Chapter 15 & 16 Flashcards
Bauhaus
Formed from two schools by Walter Gropius, a famous architect. Became a highly influential art school, although it was only open 14 years.
No distinction made between fine art and applied art. Very forward thinking. Trying to improve “cheap and nasty” goods from the industrial era like William Morris tried to do. However, Morris looked to the past to inform, the Bauhaus looked to the future.
First had a very complex logo, but they became aware of the de stijl movement and the logo was redesigned.
Bauhaus eventually had problems with funding and had to move and then close. Closed Aug. 10, 1933.
Eric Gill
Englishman. Embraced historical design. Believed flush left ragged right was the most legible type. Created the typeface “Gill Sans.”
Isotype
Isotype (International System of TYpographic Picture Education) is a method of showing social, technological, biological and historical connections in pictorial form.
Developed by Otto Neurath. Now used in many signs.
Herbert Bayer
Student at the Bauhaus, de stijl influence.
His exhibition poster now hangs in the MOMA.
Traits of his works: Exclusively sans-serif, flush left rag right, extreme contrast in size and weight, organized by rules, B&W photos with one or two colors, believed type was only to communicate, not to be expressive; wanted type to be geometric (no old style type); felt capital letters were unecessary.
Designed a cover for the Bauhaus magazine anda typeface. Also a currency design.
Herbert Matter
Swiss designer. Promoted ski resort tourism. Utilized scale–extreme closeups superimposed on distant landscapes, etc. His posters were at an angle.
Jan Tschichold
Attended first Bauhaus exhibition. Became artist of the “new typography.” Put together a 24 pg. Insert in a german typography magazine.
Principles he used expressed the new age of the machine. Believed type should be contrasted largely in size, and only a few typefaces should be used.
Sometimes used a “split fountain” technique in his posters (rainbow ink effect).
Josef Albers
A former studend turned professor at the Bauhaus who taught a systematic preliminary course investigating the constructive qualities of materials.
Later became the director of the art school at Yale University.
Albers had a passion for type and typography. From his teaching at the Bauhaus, Albers brought exercises that examined letters and typography as formal elements devoid of their literal function.
Laszlo Moholy-Nagy
Teacher at the Bauhaus–taught the foundation classes. Shift toward a constructivist style.
He believed photography and typography were the new forms of visual communication. Experiemented with photomontages and photograms. He believed most of art was in the concept, he would sometimes have another person execute his works.
Designed book covers for the Bauhaus.
Marcel Breuer
the head of the furniture workshop at the Bauhaus, who invented tubular-steel furniture. Former student of the bauhaus.
One of the masters of Modernism, Breuer extended the sculptural vocabulary he had developed in the carpentry shop at the Bauhaus into a personal architecture that made him one of the world’s most popular architects at the peak of 20th-Century design.
Paul Klee
A professor at the bauhaus who synthesized elements inspired by all the modern movements as well as children’s and naive art, achieving intense subjective power while contributing to the objective formal vocabulary of modern art (Fig. 13-51).

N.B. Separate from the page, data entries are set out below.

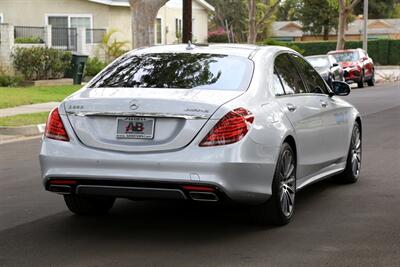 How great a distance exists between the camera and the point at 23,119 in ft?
52.5

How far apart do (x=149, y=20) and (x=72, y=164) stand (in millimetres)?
16402

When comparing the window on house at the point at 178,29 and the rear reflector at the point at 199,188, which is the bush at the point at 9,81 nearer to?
the window on house at the point at 178,29

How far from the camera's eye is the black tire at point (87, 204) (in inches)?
275

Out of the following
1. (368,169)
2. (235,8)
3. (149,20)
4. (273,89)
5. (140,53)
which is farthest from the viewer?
(235,8)

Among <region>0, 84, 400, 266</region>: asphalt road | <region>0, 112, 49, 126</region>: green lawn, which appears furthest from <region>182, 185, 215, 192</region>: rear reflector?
<region>0, 112, 49, 126</region>: green lawn

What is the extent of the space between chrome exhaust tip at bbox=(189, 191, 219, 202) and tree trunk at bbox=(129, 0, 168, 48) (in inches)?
651

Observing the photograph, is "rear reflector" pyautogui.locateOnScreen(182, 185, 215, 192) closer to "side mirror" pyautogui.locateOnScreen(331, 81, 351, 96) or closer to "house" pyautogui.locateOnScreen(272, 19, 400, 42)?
"side mirror" pyautogui.locateOnScreen(331, 81, 351, 96)

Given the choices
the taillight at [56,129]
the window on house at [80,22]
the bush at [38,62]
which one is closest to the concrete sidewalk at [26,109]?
the bush at [38,62]

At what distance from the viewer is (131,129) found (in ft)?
19.8

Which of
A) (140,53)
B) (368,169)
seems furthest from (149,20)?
(140,53)

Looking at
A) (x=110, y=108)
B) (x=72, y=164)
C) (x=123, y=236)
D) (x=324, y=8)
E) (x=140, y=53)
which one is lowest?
(x=123, y=236)

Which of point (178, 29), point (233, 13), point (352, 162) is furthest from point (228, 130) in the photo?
point (233, 13)

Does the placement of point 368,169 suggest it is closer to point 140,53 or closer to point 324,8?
point 140,53

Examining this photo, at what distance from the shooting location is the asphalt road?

His published lectures are the most complete explication of modern design by any artist.
Paul Renner
Designed Futura typeface. Became closely associated with Bauhaus.
Piet Zwart
Zwart created a synthesis from two apparently contradictory influences: the Dada movement’s playful vitality and De Stijl’s functionalism and formal clarity.
Zwart’s activities over a long and illustrious career included photography, product and interior design, and teaching.
The New Typography
Both a style of printing and a book by Jan Tschichold.
Featured asymmetrical typography. It was a new asymmetrical typography to express the spirit, life, and visual sensibility of the day (Fig. 16-29).
It emphasized objective communication and was concerned with machine production.
The new typography was a reaction against the chaos and anarchy in German (and Swiss) typography around 1923.
Walter Gropius
Influential architect. Merged two schools to form the Bauhaus.
Wassily Kandinsky
Professor at the Bauhaus.
Argued that art must remain an essentially spiritual activity apart from the utilitarian needs of society. Very much against industrial design.